Contra el filisteísmo, contra la especulación, contra la desvergüenza y el cinismo, contra las críticas
críticas que dan vueltas sobre sí mismas, contra todos aquellos que “no se consideran personas que se
dedican a la crítica, sino críticos que sólo por casualidad tienen la desgracia de ser personas” (Marx,
1969: 22), Marx echa a andar un modo de la crítica que se fundamenta a partir de la fractura entre la
realidad y el pensamiento que es constitutiva de toda subjetividad. La misma consiste en poner en crisis
el estado de cosas existente y pasar a la acción —a fin de cuentas, la convicción de Marx es que en tanto
una crítica no se supere, no consiga ir más allá de sí misma, no logre autoabolirse, no será crítica.
Ni acomodación, ni consuelo, ni resignación. De lo que siempre se ha tratado para Marx es de
solidarizarse con los derrotados de la historia, de ofrecer resistencia al rumbo de los tiempos, de adoptar
un punto de vista realista e intransigente, de criticar con ferocidad todo lo que es. En pocas palabras, el
principal legado de Marx consiste en el establecimiento de la piedra angular de una crítica no sólo del
discurso de la economía política, sino también del capitalismo; no sólo de la política de las clases
dominantes, sino también de la política y las clases mismas; no sólo del derecho y de las leyes del
Estado burgués, sino también del estado mismo. En suma, y como dijera el propio Marx en carta a Ruge
en septiembre de 1843, el marxismo no es ni una sofisma ni una filosofía: es una crítica, una “crítica
implacable de todo lo existente” (AA. VV., 1982: 458). Una verdadera teoría crítica y radical de lo que ha
sido, es y probablemente, si no actuamos a tiempo, continuará siendo.
VI
Crítica de los tiempos pero también de lo que se encuentra a destiempo, el marxismo, más allá de lo que
posteriormente pudieran establecer las fétidas ortodoxias petrificadas, se articularía en su devenir
vívidamente, como un pensamiento de la política, como un pensamiento de la revolución permanente,
como un pensamiento de los desarrollos desiguales y combinados, como un pensamiento de los
“discordancia de los tiempos” (Bensaïd, 2003: 49) y la “no contemporaneidad” (ibídem: 50).
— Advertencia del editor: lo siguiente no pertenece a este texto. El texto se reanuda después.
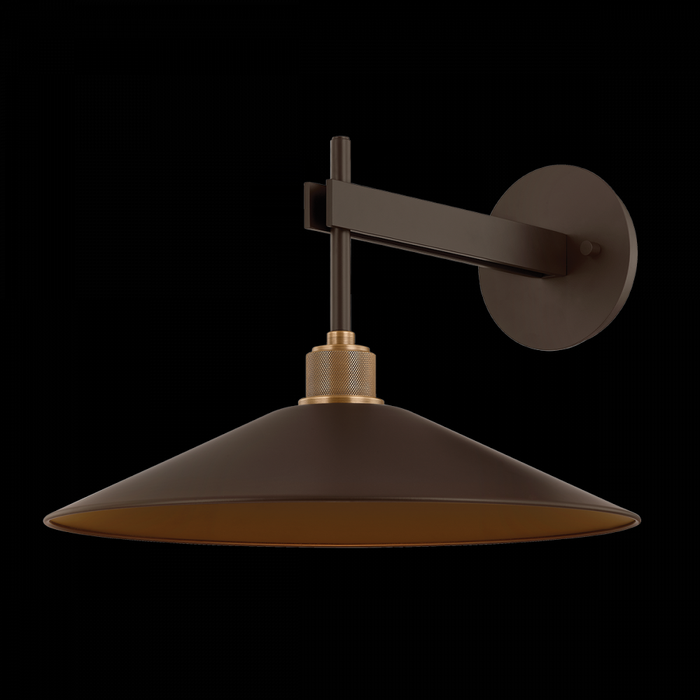 Harac Exterior Wall Sconce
En tanto saber de la derrota, la vergüenza y la resistencia, el marxismo deja en claro que “la tradición de
[…] las generaciones muertas gravita como una pesadilla sobre el cerebro de los vivos” —de allí que en
épocas de crisis como la que hoy nos toca vivir, se precise tanto invocar a “los espíritus del pasado para
servirse de ellos”, tomando prestado “sus nombres, sus consignas de batalla y sus trajes” (Marx, 2003:
33). Pero dar a conocer esto no lleva al marxismo a apurarse, a echar a correr una carrera hacia ninguna
parte. Pensamiento eminentemente estratégico, el marxismo deja que “los muertos sepulten a sus
muertos” (ibídem: 37). En su incesante trabajo por la irrupción de un acontecimiento a través del que los
derrotados de la historia consigan extraer la poesía del futuro, diferencia el ritmo mediante el que se
estructuran revolución y contrarrevolución, revoluciones burguesas y revoluciones proletarias.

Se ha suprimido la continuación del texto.